_Problem description_
Reproduce the records below exactly, but only between the lines holding "Property at 3044" and "832035Legrandوحدة توصيل مصهرة", inclusive.

_Data for this task_
# # #

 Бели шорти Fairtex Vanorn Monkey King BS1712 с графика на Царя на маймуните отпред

# # #

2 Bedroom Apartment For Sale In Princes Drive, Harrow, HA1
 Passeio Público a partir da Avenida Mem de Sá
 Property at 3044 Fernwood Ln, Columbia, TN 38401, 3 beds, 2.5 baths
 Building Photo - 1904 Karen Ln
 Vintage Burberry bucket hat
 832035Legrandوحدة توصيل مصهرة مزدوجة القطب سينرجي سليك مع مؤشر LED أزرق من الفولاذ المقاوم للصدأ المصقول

# # #

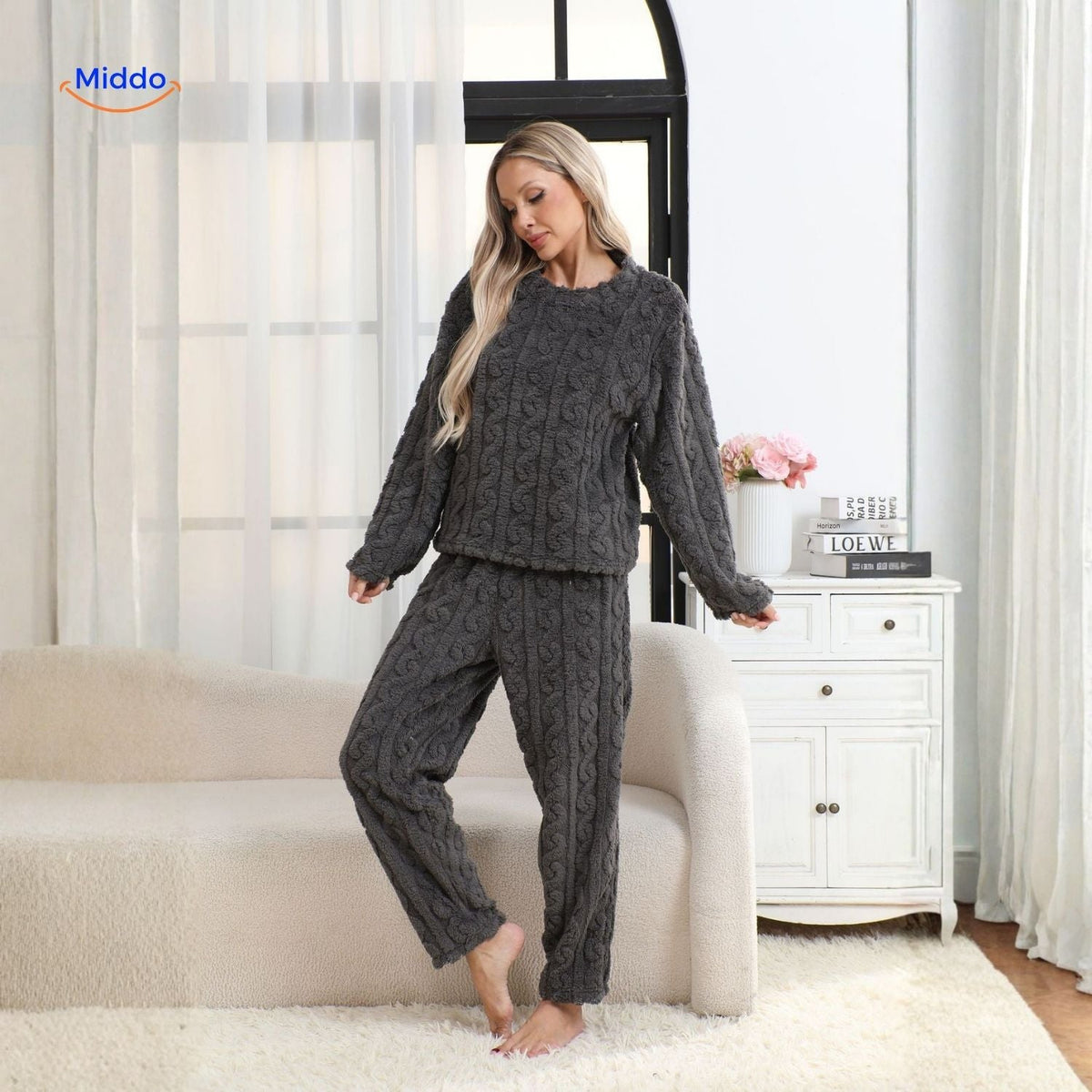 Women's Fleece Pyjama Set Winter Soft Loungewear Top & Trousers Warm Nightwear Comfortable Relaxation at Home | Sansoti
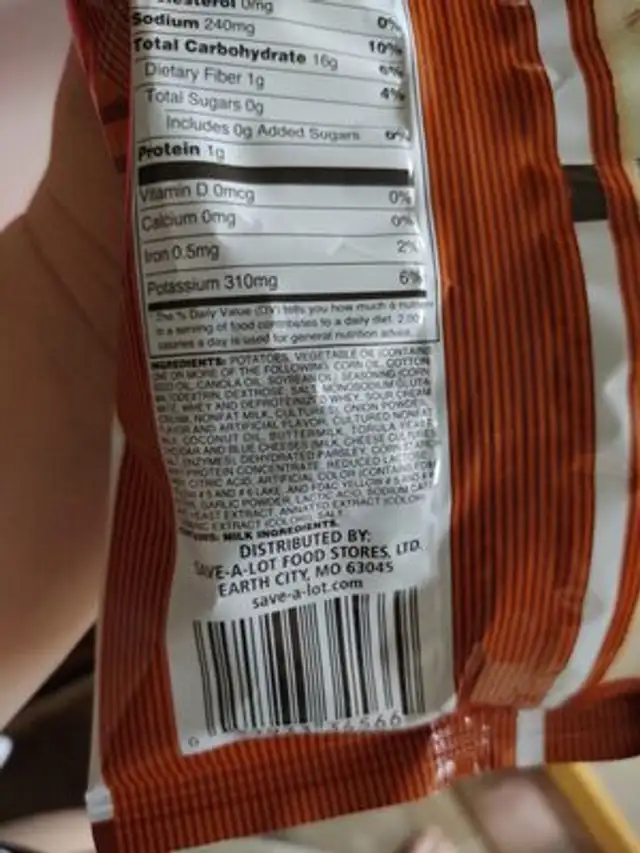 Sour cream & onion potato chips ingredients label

# # #

_Finished exercise_
 Property at 3044 Fernwood Ln, Columbia, TN 38401, 3 beds, 2.5 baths
 Building Photo - 1904 Karen Ln
 Vintage Burberry bucket hat
 832035Legrandوحدة توصيل مصهرة مزدوجة القطب سينرجي سليك مع مؤشر LED أزرق من الفولاذ المقاوم للصدأ المصقول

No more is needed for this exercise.